Hi Roger, Tatsuzo, Tifaifai, anyone who is interested with in mosquitto cluster,
I've tested the
mosquitto cluster by appropriate amount of simultaneous users, connect/subscribe/publish TPS, which gave a proper pressure(carry as much TPS as possible w/o causing latency) to the system.

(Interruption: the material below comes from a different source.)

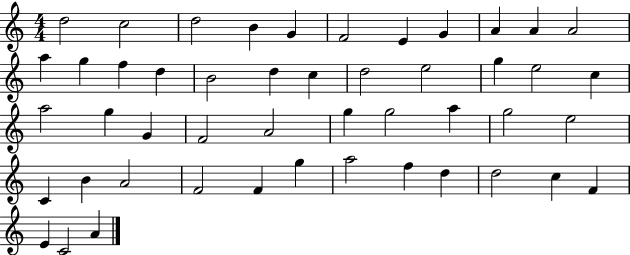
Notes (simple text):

D5/h C5/h D5/h B4/q G4/q F4/h E4/q G4/q A4/q A4/q A4/h A5/q G5/q F5/q D5/q B4/h D5/q C5/q D5/h E5/h G5/q E5/h C5/q A5/h G5/q G4/q F4/h A4/h G5/q G5/h A5/q G5/h E5/h C4/q B4/q A4/h F4/h F4/q G5/q A5/h F5/q D5/q D5/h C5/q F4/q E4/q C4/h A4/q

It is meaningless to give a plain benchmark w/o any comparison, so I've also tested mosquitto bridge under a same scenario which is quite similar with our smart home service platform architecture and scenario(10 brokers, 20k subscribers, 1k publishes from
10 publishers which use persistent TCP from a http server):
9 brokers on 3 OpenStack VMs(4cores 8G RAM), after 30k persistant subscribers setup, send 10k publishes per second(actually only 2.5kps publishes due to client's bottleneck) from publishers(one publish per client use non-persistant TCP), with payload length
= 744 bytes.
With QoS=0, both cluster and bridge(topic # both 0) can work as normal, with QoS=1(topic # both 1), the CPU usage for each broker
stabilise at at 65%-75% in cluster, but 100% for the bridge broker during the publish phase, and meanwhile 30% messages lost due to bridge broker's overload(see appendix). More detail test reports which include connect/request response time, network
throughput, server monitoring are available under https://github.com/hui6075/mosquitto/tree/develop/benchmark .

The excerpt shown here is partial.